### SOURCE MATERIAL ###

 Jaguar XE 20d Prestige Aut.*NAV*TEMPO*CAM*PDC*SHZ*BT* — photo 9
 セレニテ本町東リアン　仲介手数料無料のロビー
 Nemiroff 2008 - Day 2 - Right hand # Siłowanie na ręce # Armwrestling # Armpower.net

###

WORK ITEM: The whole listing should be transcribed word for word.

SOLVED PROBLEM:
 Jaguar XE 20d Prestige Aut.*NAV*TEMPO*CAM*PDC*SHZ*BT* — photo 9
 セレニテ本町東リアン　仲介手数料無料のロビー
 Nemiroff 2008 - Day 2 - Right hand # Siłowanie na ręce # Armwrestling # Armpower.net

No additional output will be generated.